Consensual encounters between police officers and citizens, which do not require probable cause or reasonable suspicion, may occur in public places or on private property. In the recent Tennessee case of State v. Moore, M2012-02059-CCA-R3-CD (Tenn.Crim.App. 7-25-2013) a DUI second offense conviction was affirmed on appeal, in a case where the initial interaction between the investigating officer and the Defendant began in the driveway of the Defendant’s home.
In the Moore case, a police officer on patrol had noticed a mailbox which had been struck and knocked down in someone’s yard. After a conversation with the homeowner, the police officer drove around a corner to investigate a possible hit and run or vandalism. Observing the Defendant walking beside a white pickup truck parked at a home, the officer entered the driveway of that home to speak with the Defendant. The officer noticed the truck was warm, had body damage to the front driver’s side, and that the Defendant appeared to be intoxicated. After a conversation where the Defendant admitted he had been driving the truck and had consumed a number of beers, the Defendant was arrested and a breathalyzer test subsequently revealed a blood alcohol content of .209.

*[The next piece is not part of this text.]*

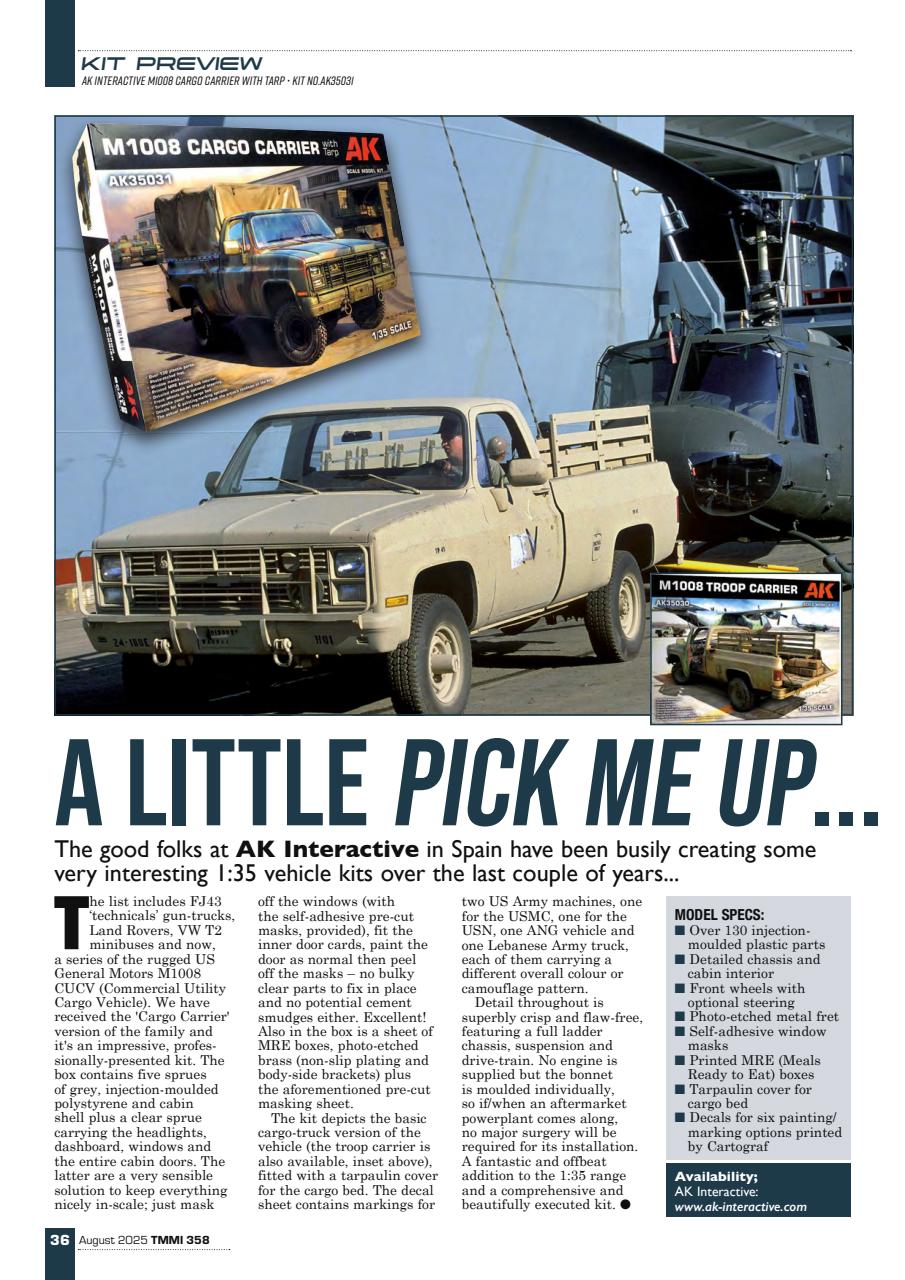 Tamiya Model Magazine Preview Pages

The Defendant attempted to suppress the evidence, arguing that the Defendant had been illegally detained on his private property. Under the facts of this case, in which the police officer parked along the street, did not activate the blue lights, did not command the Defendant to stop, and did not use or show any authority or force to detain the Defendant prior to the discovery of evidence of DUI, the Court of Criminal Appeals agreed with the trial court ruling that it was a consensual encounter. The Court noted that a pathway or sidewalk leading from the street to the door of a home is an implied invitation to use that pathway in pursuing legitimate business or social interests with those inside the home. The police officer needed no objective justification to enter the property from the street to speak with the Defendant. After the initial consensual encounter, of course, probable cause developed for the Defendant’s eventual arrest.